Administration Continues to Exacerbate Challenges at the Southern Border
Washington, D.C.—In response to the Trump Administration’s announcements that it will cut hundreds of millions of dollars in assistance to Central America, and that the Department of Homeland Security will expand its return of asylum seekers to Mexico, Human Rights First’s Eleanor Acer issued the following statement:
Secretary Nielsen’s directive to expand the illegal Remain in Mexico scheme is doubling down on a failing immigration policy. The move will endanger the lives of asylum seekers by returning even more of them to Mexico, despite the high risks of death and violence there. Not only does this scheme violate U.S. law, but it gives a black eye to the United States’ proud legacy as a leader on the protection of refugees.
At the same time, the president is choosing to exacerbate the refugee and displacement challenges stemming from the Northern Triangle. By cutting off aid programs that help protect people in El Salvador, Guatemala, and Honduras, he will not ease the growing humanitarian challenges at the southern border, he will inflame them.
If the Trump Administration is serious about finding solutions, it should be increasing—not cutting—aid to programs that reduce violence and promote protection in the Northern Triangle; it should work with humanitarian groups to properly manage arrivals at the border; it should strengthen fair and timely decision making on asylum claims; and it should launch a case management system to support appearances rather than lock asylum seekers and families in immigration jails for months or even longer.

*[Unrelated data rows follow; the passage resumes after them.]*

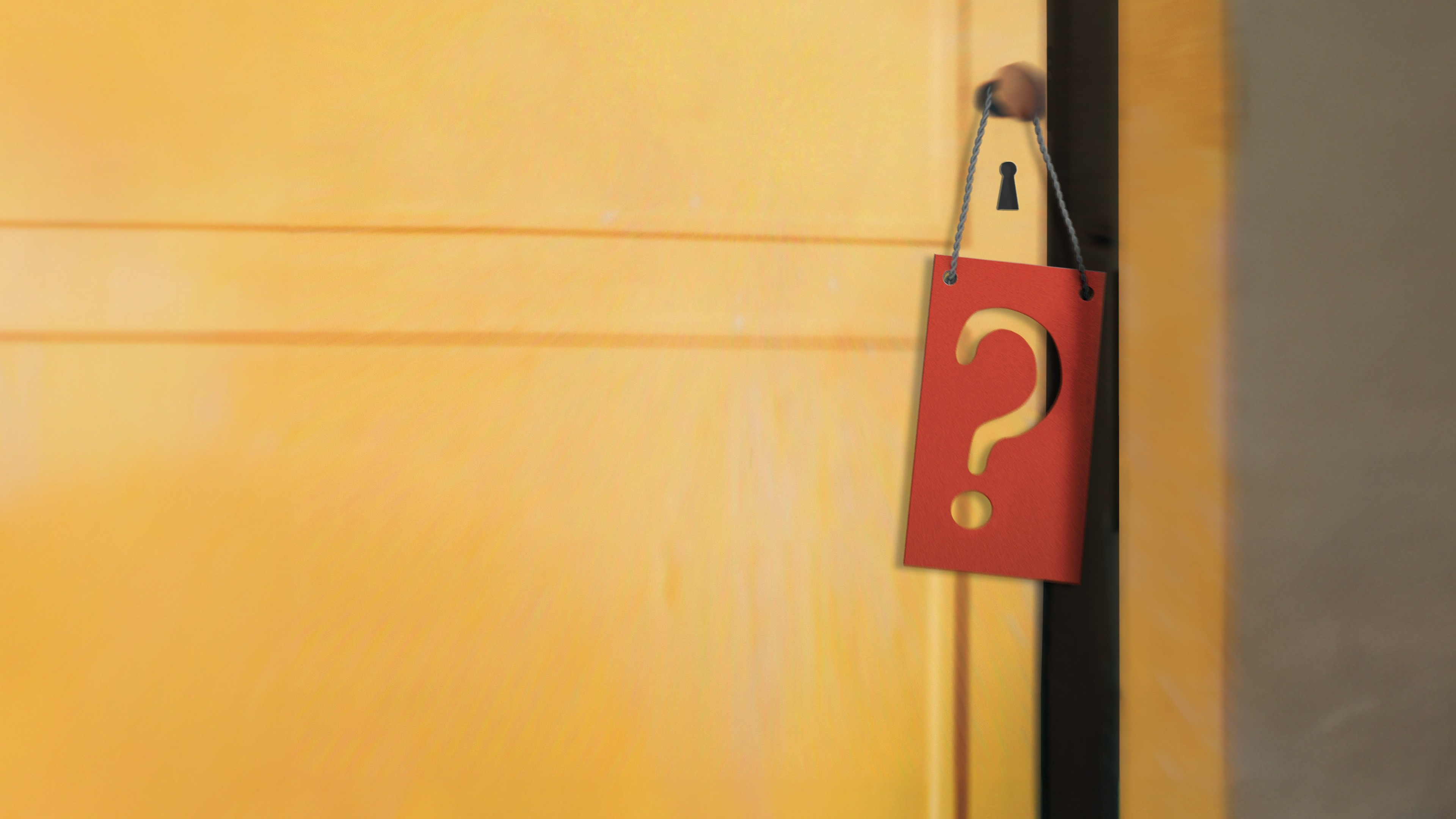 The Mystery of the Yellow Room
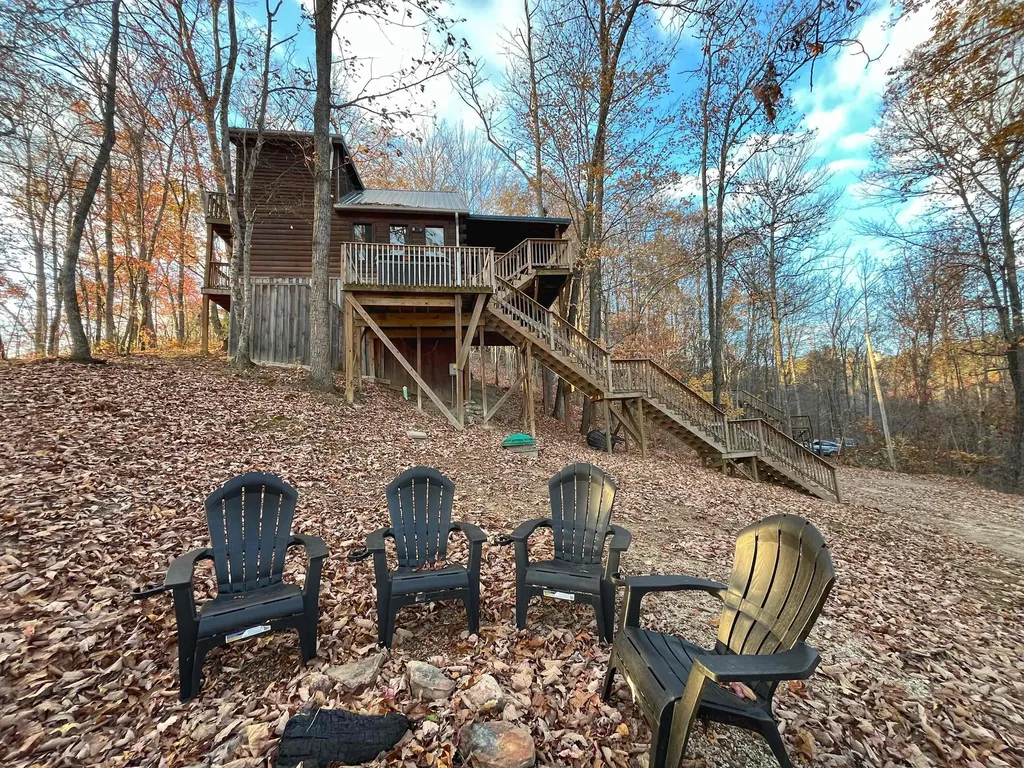 202 Getaways Road Stanton KY 40380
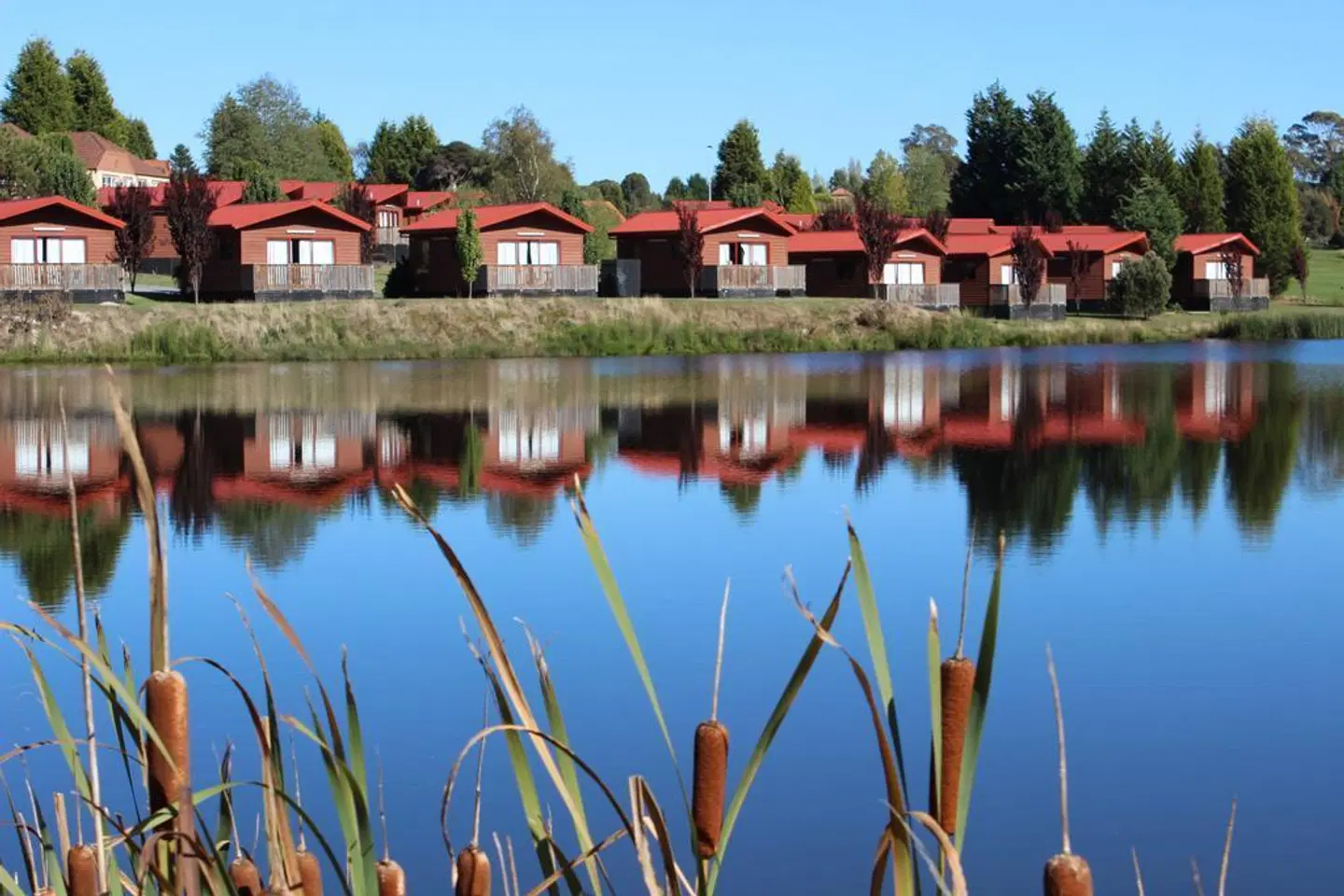 Aspect Tamar Valley Resort EXTERIOR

Recently, two Human Rights First clients were inexplicably returned to Mexico after their initial immigration court hearings under the Trump Administration’s disastrous and unnecessary “Remain in Mexico” scheme. Among the first returned to Mexico under the new plan, they received no explanation despite each expressing fears of returning to Mexico. They now will wait in danger for their merits hearings, where they will present evidence to support their asylum claims, to take place in San Diego several months from now.